# FreeBSD 12.0 SSH error workarounds known?



## stratacast1 (Jun 14, 2019)

It seems the FreeBSD core team is not looking into fixing an annoying SSH bug, which is also conveniently leaving my box less secure in this case too, but has anyone experienced this bug and found a workaround?






						234793 – Failed unknown for $USER in sshd logs even if I got authenticated
					






					bugs.freebsd.org
				




Ever since I upgraded to 12.0 I'll have ssh sessions just completely lock up the moment I'm authenticated. And I think I discovered it's because sshguard will blacklist me (sort of)...so I'll log in, the connection locks up, and then I open a new terminal and ssh in and my connection is fine. I disabled sshguard and it has eliminated my freezing ssh session issue, but now I don't have any abusive IPs being blacklisted.
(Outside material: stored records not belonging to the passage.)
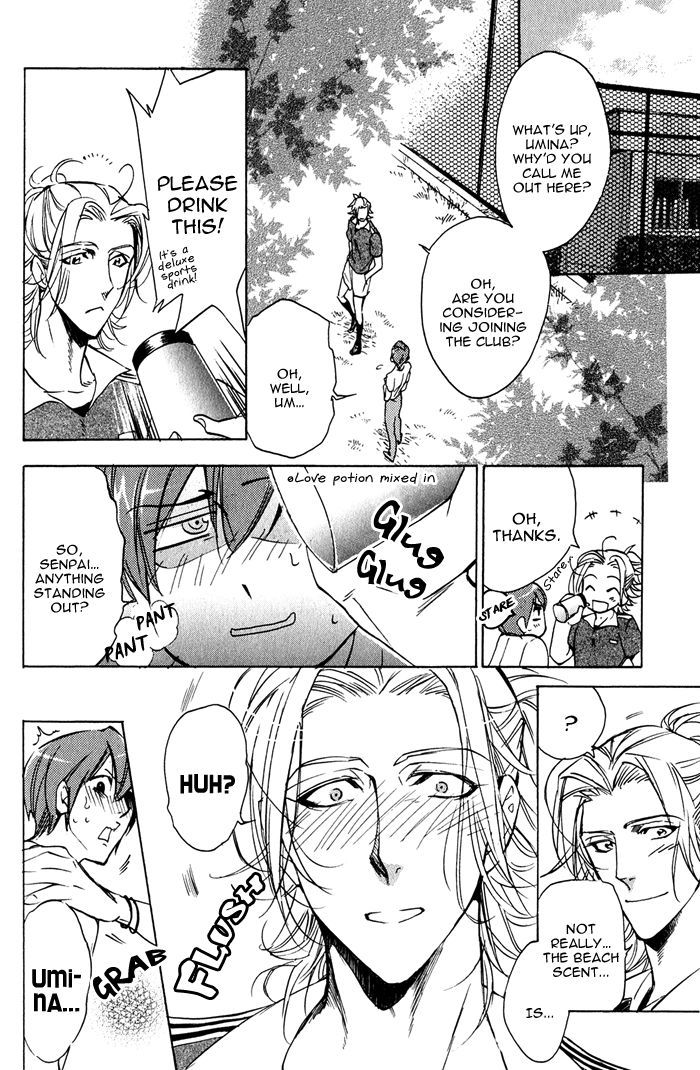 Goshujinsama to Wanko Chapter 5 page 12 - Chapter 5 : Love-possessed Boy
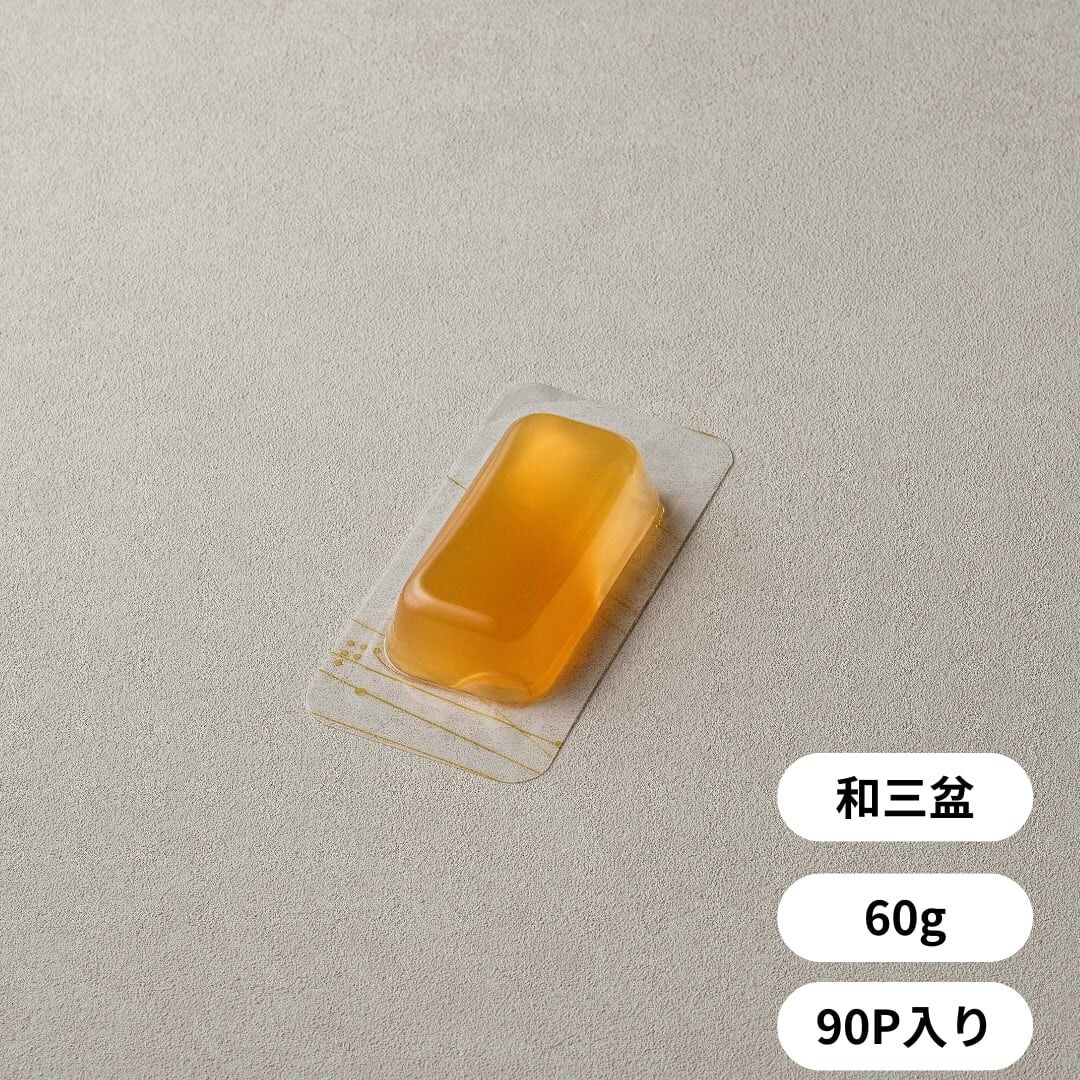 ＜冷凍品＞和三盆　60g×90P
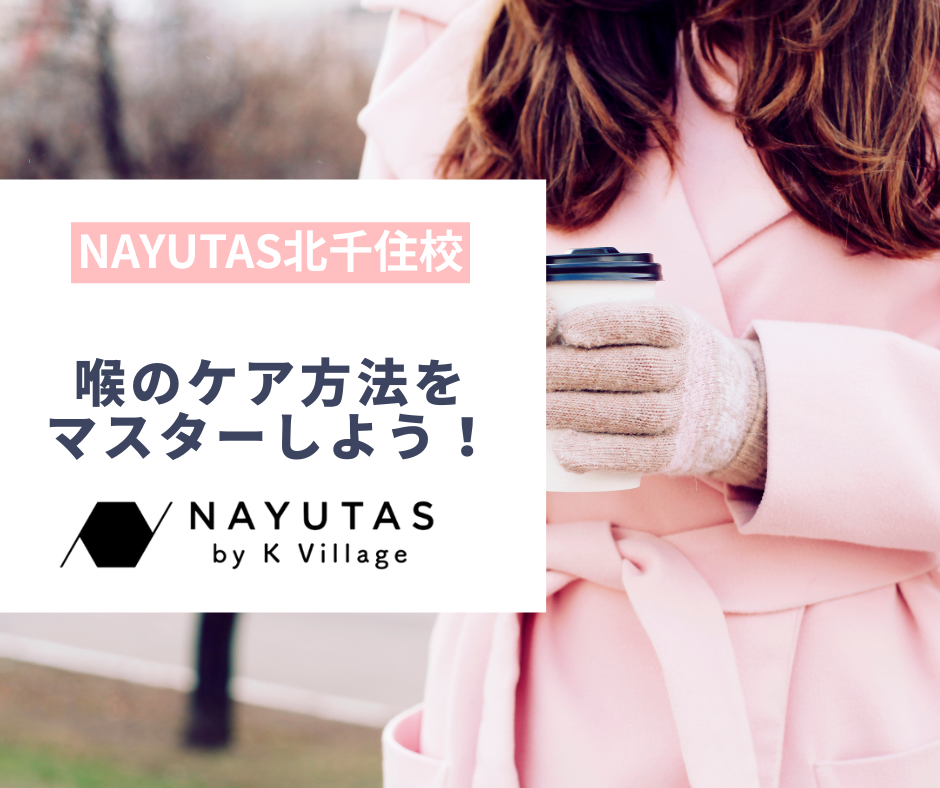 喉のケア方法をマスターしよう‼️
Not sure why OpenSSH will have a "Failed unknown for" error on each login


----------



## ralphbsz (Jun 16, 2019)

Can one work around this by hand-installing a slightly older version of the ssh daemon?  In the bug, there is mention that using using openssl-portable from ports might solve the problem.


----------



## stratacast1 (Jun 18, 2019)

I saw that, I don't want to mess with installing an older version of OpenSSH in base, how reliable is openssh portable?


----------